73 Keluarga Kehilangan Tempat Tinggal karena Digusur

Penggusuran terjadi di permukiman bantaran Kali Ancol, Jalan Kunir, RT.04/RW.06 Kelurahan Pinangsia, Kecamatan Tamansari, Jakarta Barat, pada 27 Mei 2015, pagi hari sekitar jam 07.30 wib. 47 rumah yang dihuni oleh 73 Kepala Keluarga, pada pagi tersebut dibongkar paksa oleh sekitar 500 Satpol Pamong Praja kecamatan Tamansari, Jakarta Barat, dan dibantu oleh polisi dan TNI.
Anehnya, pembongkaran paksa oleh pihak kecamatan Tamansari tersebut dilakukan setelah ada kesepakatan antara warga dengan Wakil Gubernur DKI Jakarta, Djarot Syaiful Hidayat yang memberi waktu tiga hari kepada warga untuk mengosongkan lahan tersebut terhitung mulai hari Rabu, 27 Mei 2015.
Saat kejadian, beberapa warga mengalami tindak kekerasan. Pihak kecamatan bersama aparat Satpol PP dan polisi, terlihat beringas ketika terjadi saling dorong dengan warga yang jumlahnya tidak seimbang. Bahkan ada beberapa warga kena pukul. Koordinator JRMK (Jaringan Rakyat Miskin Kota) Jakarta, Siti Komariah mengalami luka di jari kelingking dan harus dilarikan ke rumah sakit, yang pada akhirnya harus menerima 9 jahitan. Anak-anak banyak yang menangis, sedangkan ibu-ibu hanya bisa berteriak histeris menyaksikan rumah yang mereka huni selama ini, dirubuhkan oleh aparat dengan menggunakan alat berat.
Penggusuran ini tentu menjadi sebuah kemunduran dari kebijakan pemerintah Provinsi DKI, yang pada era Jokowi sangat menghargai dan mendengarkan suara rakyat. Padahal juga, sebelumnya warga sudah membuat konsep alternative (baca juga : rencana penataan permukiman pinggiran sungai di jakarta) yang sudah diajukan ke Pemprov DKI. Bahkan warga sudah melakukan tindakan nyata yaitu mengubah ukuran rumah agar jalan inspeksi seluas 5 meter dari bibir sungai dapat difungsikan kembali. Tidak hanya itu, warga yang telah menghuni bantaran anak kali ciliwung sejak 1968 ini, telah turut aktif menjaga lingkungan sungai dengan melakukan penghijauan dan pengelolaan sampah.

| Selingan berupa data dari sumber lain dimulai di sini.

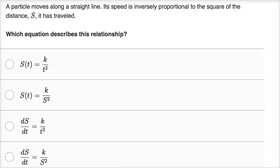A particle moves along a straight line. Its speed is inversely proportional to the square of the distance, s, it has traveled. Which equation describes this relationship? I'm not going to look at the choices yet — I'm just going to try to parse this sentence and see if we can come up with an equation.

Hingga kini, warga korban gusuran memilih untuk bertahan di lokasi bekas gusuran dengan mendirikan tenda pengungsian. Beberapa pihak, melalui JRMK Jakarta dan Urban Poor Consortium (UPC) telah berupaya memobilisasi bantuan darurat untuk para korban.
Hingga sehari setelah penggusuran, belum diketahui jumlah kerugian yang dialami, pastinya 47 bangunan hunian bersama 4 unit fasilitas umum (salah satunya adalah sarana ibadah) turut menjadi sasaran gusuran alat berat milik pemerintah. Meski sebelumnya sudah ada kesepakatan antara warga dan pihak pemda, hingga kini belum terlihat langkah nyata dari pemerintah DKI Jakarta untuk para korban gusuran, yang katanya selain akan memberikan kelonggaran waktu, juga akan menyiapkan rumah susun terlebih dahulu untuk para warga yang rumahnya akan dibongkar.
Berdasarkan informasi yang diperolah dari bebarapa media online, Pemprov DKI akan terus melancarakan operasi penggusuran yang akan menyasar 12 RT, 5 RW di dua kelurahan, dimana ada sekitar 601 rumah yang dihuni oleh sekitar 812 keluarga, dengan alas an untuk normalisasi sungai agar tidak banjir.
Perlu dipertanyakan, apakah proyek normalisasi sungai, harus mengorbankan ribuan rakyat yang telah puluhan tahun menghuni pinggiran sungai anak kali Ciliwung? Bukankah ada solusi yang tidak harus menggusur tapi tetap menjadikan sungai menjadi normal kembali? Inilah bukti kebijakan instan yang tidak kreatif dan ambil mudah saja dengan mengorbankan rakyat.